TKIs significantly impact CML, but they are not curative, necessitating indefinite therapy. For discontinuation trials aiming at TFR, specific criteria encompass 3-year TKI duration, 2-year sustained DMR, and MR4 [58]. However, TFR achievement in newly diagnosed patients is limited (20–30%) [58]. Starting CML patients should discuss lifelong TKI likelihood for informed decisions. Evidence indicates that most patients require indefinite TKI use, making HSCT a potential cure-seeking option. Such discourse prepares for possible HSCT post-TKI failure while considering lifelong TKI challenges, empowering informed decisions.
3.4. Intolerance and Resistance to TKIs in Chronic-Phase CML
Three TKIs—imatinib, dasatinib, and nilotinib—are approved for first-line chronic-phase CML, focusing on deep responses [59]. Imatinib is common, yielding 70% complete cytogenetic response (CCyR) at 12 months, but 40% encounter imatinib failure by five years [60,61,62]. Second-line TKIs such as dasatinib, nilotinib, or bosutinib can provide long-term responses for half of imatinib-intolerant/failure cases. While imatinib achieves CCyR, dasatinib and nilotinib offer superior responses, with similar adherence [63,64]. TKI discontinuation due to side effects or resistance is seen, with primary/secondary resistance linked to kinase domain mutations. HSCT benefits approximately 20% of TKI-ineffective patients [65].

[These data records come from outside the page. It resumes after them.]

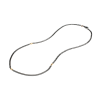 Bartorelli Italian Jewels | Collana in acciaio brunito, oro rosa e diamanti bianchi - 45 cm - GR423RN (1)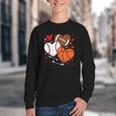 Cute Heart Baseball Basketball Football Valentine Boy Men Youth Crewneck Sweatshirt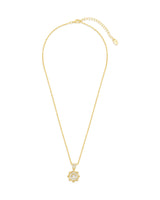 Etta CZ & Pearl Pendant Necklace by Sterling Forever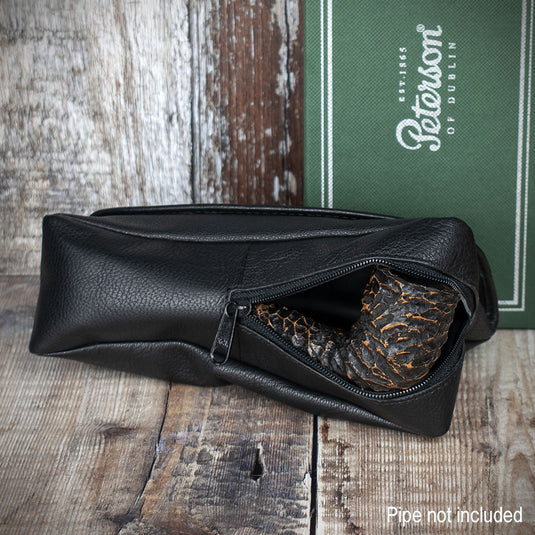 Peterson | One Pipe Combination Pouch - Press Stud | Black (POU-135)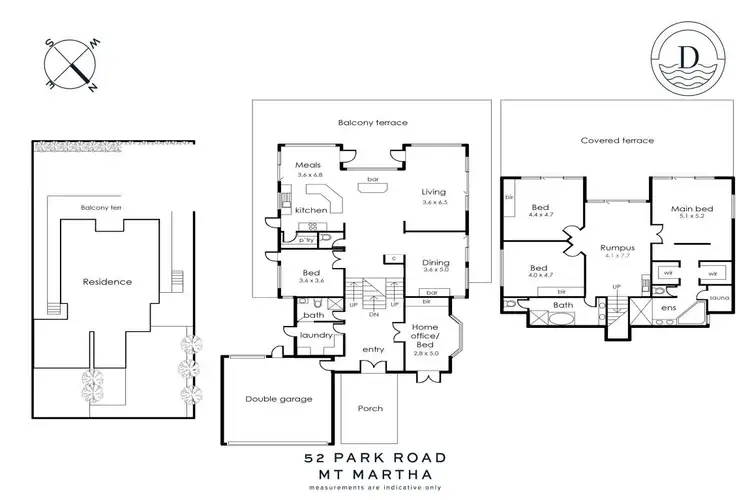 Floorplan of Homely house listing, 52 Park Road, Mount Martha VIC 3934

Early response assessment gains importance in predicting CML outcomes [56]. Monitoring BCR–ABL1 levels after three months of second-line therapy can help identify HSCT candidates. Approximately 10–15% of patients in the chronic phase will not achieve durable remission, making HSCT viable, especially for multiple TKI-resistant/intolerant cases [66]. Poor OS is linked to BCR–ABL1/ABL1 >10% (imatinib) and >2% (dasatinib/nilotinib) at three months [67]. Early second-line response predicts long-term outcomes, classifying risk based on the 3-month transcript ratio. Monitoring aids non-responder identification, initiating stem cell donor search within three months.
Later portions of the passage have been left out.